Olympus E620 | Digital Camera Review | Storage and Energy
It is quite a luxury to have a dual card slot at your disposal, offering support to CompactFlash and the xD Picture card. As far as we’re concerned, it would have been complete if we would finally get rid of the annoying xD card. It seems to have lost its right to exist, has only a tiny market share, and is surpassed left and right when it comes to storage capacity. The SD format, in addition to the SDHC, would make more sense and would also allow photographers that switch to Olympus from other brands, to use their SD memory cards which are already in their possession.
Olympus E-620 dual card slot
Moreover, xD provides a maximum storage capacity of only 2GB, whereas SDHC is available up to 32GB. Something else Olympus should check out is the functionality of a dual card slot. Of course, it is handy to work with two cards but that is all there is to it. We can think of a number of options; storing of JPEG and RAW files separately, automatically using one card as backup or automatically using the other card when the first card is full, etc. It are these features that can make photography more enjoyable in practice.
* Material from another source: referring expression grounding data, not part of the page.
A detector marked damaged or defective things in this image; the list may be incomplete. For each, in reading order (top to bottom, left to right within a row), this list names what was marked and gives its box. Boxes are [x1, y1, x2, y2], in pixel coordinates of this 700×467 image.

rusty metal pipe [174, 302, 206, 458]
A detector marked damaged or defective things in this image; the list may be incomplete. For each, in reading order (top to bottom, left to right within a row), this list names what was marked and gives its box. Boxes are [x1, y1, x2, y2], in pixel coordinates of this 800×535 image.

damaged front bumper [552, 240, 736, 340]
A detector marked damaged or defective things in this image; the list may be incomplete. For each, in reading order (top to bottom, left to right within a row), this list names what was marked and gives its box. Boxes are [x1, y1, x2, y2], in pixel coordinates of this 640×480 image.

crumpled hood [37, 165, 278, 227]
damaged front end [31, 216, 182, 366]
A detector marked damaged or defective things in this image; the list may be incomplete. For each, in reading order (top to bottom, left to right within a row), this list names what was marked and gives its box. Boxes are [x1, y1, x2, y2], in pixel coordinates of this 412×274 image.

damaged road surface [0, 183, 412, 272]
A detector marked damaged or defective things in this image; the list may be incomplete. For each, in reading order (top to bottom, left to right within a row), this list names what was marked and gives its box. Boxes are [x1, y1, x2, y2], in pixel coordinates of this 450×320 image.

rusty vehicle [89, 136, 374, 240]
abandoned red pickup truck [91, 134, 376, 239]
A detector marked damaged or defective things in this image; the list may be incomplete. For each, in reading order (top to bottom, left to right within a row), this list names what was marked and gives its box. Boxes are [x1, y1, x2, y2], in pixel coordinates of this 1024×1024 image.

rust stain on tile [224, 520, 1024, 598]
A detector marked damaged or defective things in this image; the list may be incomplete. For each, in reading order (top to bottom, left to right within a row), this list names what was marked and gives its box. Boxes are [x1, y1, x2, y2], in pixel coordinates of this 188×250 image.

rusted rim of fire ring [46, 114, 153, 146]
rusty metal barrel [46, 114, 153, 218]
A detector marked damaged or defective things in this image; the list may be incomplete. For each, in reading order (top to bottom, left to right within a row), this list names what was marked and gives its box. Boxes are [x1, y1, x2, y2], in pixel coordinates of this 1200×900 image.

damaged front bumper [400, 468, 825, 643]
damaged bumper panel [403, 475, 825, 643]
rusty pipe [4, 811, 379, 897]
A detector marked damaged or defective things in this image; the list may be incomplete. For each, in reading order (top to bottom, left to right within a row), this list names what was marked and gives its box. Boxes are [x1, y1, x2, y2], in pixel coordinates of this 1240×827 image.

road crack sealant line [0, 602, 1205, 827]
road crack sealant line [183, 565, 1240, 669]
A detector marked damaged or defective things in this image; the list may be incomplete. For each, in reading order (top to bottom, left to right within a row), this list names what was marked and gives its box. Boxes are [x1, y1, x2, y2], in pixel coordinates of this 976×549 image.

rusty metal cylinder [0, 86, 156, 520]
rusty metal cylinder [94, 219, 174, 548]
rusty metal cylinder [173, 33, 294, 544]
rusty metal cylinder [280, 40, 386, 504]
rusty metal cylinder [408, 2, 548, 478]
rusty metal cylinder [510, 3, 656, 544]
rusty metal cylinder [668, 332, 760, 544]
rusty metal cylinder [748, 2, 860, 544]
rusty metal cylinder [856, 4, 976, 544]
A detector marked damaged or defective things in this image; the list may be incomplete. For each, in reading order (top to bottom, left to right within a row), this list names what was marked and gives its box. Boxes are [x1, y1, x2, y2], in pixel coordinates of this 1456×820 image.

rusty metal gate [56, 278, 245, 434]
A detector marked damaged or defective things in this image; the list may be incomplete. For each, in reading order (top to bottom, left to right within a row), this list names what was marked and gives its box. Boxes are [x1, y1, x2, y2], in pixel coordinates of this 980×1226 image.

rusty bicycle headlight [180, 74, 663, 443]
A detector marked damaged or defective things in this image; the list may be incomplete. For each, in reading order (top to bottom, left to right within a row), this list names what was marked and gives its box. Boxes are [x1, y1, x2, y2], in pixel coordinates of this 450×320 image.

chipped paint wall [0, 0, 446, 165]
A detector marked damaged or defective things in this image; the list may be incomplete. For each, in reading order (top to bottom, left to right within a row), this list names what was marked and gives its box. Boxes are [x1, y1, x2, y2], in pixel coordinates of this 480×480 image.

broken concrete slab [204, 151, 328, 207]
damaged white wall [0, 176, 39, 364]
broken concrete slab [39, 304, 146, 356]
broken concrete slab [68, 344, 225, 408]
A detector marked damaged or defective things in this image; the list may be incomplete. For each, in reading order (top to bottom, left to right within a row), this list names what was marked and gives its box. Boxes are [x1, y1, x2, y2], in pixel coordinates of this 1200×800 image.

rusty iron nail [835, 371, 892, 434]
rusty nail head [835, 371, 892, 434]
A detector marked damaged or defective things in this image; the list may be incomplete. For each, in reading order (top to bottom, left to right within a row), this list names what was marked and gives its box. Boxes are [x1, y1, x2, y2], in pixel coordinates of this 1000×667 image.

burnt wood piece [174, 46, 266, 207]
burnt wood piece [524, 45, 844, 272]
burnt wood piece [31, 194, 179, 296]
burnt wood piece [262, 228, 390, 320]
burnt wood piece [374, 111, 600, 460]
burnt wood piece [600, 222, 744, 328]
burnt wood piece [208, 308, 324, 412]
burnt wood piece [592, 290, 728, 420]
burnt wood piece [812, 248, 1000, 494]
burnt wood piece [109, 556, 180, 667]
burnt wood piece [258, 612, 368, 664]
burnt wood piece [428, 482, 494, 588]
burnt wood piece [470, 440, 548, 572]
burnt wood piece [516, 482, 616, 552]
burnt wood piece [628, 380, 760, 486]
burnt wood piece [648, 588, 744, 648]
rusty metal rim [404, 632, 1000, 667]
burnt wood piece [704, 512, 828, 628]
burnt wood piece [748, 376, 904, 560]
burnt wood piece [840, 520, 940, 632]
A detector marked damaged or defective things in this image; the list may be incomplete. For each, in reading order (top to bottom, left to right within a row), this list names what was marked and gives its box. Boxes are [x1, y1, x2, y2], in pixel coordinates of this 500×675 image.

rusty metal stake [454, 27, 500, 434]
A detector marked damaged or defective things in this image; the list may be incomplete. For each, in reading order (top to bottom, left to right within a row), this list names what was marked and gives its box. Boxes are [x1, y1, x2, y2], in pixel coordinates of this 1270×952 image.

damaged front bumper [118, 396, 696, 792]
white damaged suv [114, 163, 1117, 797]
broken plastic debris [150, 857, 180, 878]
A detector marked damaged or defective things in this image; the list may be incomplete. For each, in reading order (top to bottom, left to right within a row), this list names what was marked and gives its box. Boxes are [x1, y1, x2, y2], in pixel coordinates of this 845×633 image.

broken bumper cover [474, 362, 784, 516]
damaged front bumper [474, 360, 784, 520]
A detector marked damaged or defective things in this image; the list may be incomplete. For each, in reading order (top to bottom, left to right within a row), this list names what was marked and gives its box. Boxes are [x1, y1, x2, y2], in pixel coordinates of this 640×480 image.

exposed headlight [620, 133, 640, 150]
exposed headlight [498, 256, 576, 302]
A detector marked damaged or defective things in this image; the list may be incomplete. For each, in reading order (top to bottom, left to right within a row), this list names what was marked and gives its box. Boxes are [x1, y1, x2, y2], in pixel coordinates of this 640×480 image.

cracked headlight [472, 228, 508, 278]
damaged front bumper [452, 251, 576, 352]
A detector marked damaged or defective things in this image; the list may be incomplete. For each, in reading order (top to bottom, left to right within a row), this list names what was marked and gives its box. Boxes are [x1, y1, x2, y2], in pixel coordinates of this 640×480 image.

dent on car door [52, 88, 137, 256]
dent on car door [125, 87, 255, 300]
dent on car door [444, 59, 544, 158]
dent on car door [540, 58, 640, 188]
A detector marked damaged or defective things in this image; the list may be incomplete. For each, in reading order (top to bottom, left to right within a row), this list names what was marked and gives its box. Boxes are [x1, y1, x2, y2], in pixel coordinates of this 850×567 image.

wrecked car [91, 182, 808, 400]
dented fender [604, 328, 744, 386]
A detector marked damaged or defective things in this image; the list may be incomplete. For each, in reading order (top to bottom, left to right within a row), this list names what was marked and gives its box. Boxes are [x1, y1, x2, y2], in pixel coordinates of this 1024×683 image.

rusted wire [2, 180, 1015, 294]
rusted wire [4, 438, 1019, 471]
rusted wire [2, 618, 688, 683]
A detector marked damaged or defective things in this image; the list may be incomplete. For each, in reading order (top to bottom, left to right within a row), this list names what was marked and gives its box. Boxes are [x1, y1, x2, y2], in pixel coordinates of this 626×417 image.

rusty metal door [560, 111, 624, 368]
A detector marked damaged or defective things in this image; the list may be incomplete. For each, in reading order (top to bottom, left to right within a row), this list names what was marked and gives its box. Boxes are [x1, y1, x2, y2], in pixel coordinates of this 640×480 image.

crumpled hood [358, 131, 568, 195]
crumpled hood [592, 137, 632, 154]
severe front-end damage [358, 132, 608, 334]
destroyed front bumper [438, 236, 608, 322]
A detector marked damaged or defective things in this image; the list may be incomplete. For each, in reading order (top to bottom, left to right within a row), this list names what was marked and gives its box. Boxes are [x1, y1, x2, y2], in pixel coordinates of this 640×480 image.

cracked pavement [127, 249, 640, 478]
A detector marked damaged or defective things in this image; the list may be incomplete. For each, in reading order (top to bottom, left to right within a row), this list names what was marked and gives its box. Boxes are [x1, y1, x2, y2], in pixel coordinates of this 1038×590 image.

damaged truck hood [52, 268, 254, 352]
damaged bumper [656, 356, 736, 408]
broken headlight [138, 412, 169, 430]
Olympus E-620 speediness & buffer
Although the file size of the Olympus E-620 has remained the same as that of the E-30, there is a difference in continuous speed. Whereas the E-30 has the ability of processing the 12 Megapixel files at a rate of 5fps, the E-620 has to take it easier with 4fps. The highest quality JPEG files are approximately 8.2MB; the RAW (ORF at Olympus) are approximately 13.9MB. The buffer of the Olympus E620 is smaller than that of the E30, which is in turn smaller than that of the E3. The buffer of the Olympus E620 can take a maximum of 5 RAW pictures; the E-30 up to 12 and the E-3 up to 19 pictures. What stands out on an Olympus DSLR camera is the extensive choice for compressions. There are no less than 4 levels of compression provided, excellent.
USB 2.0 Hi-Speed Extreme card reader
If you hesitate to transfer files through the Olympus E-620, you may choose to use a card reader. A card reader is handy for your digital workflow if you want to avoid connecting the camera all the time, or want to be able to keep the workflow going whilst the memory card transfers pictures. The USB 2.0 Hi-Speed card reader of SanDisk is one of the fastest available and provides data transfers of maximum 20MB/sec.
Olympus E BLS-1 Lithium Ion battery
The battery of the Olympus E620 has been improved and is currently only used for this model, and for the new E-450 which we will also review soon. The BLS-1 Lithium-Ion battery has to be charged in the included battery charger which takes approximately 3.5 hours. The battery has a capacity of 7.2V 1150mAh. The capacity has decreased compared to that of the E-30. Yet, we don't see a significant decrease in the amount of pictures that can be taken with a fully loaded battery. Photographing with various use of Live View provides approximately 240 pictures, however; if you use Live View optimally during photography sessions, you have to count with fewer pictures. An extra battery or connecting to the electric mains will then be a solution.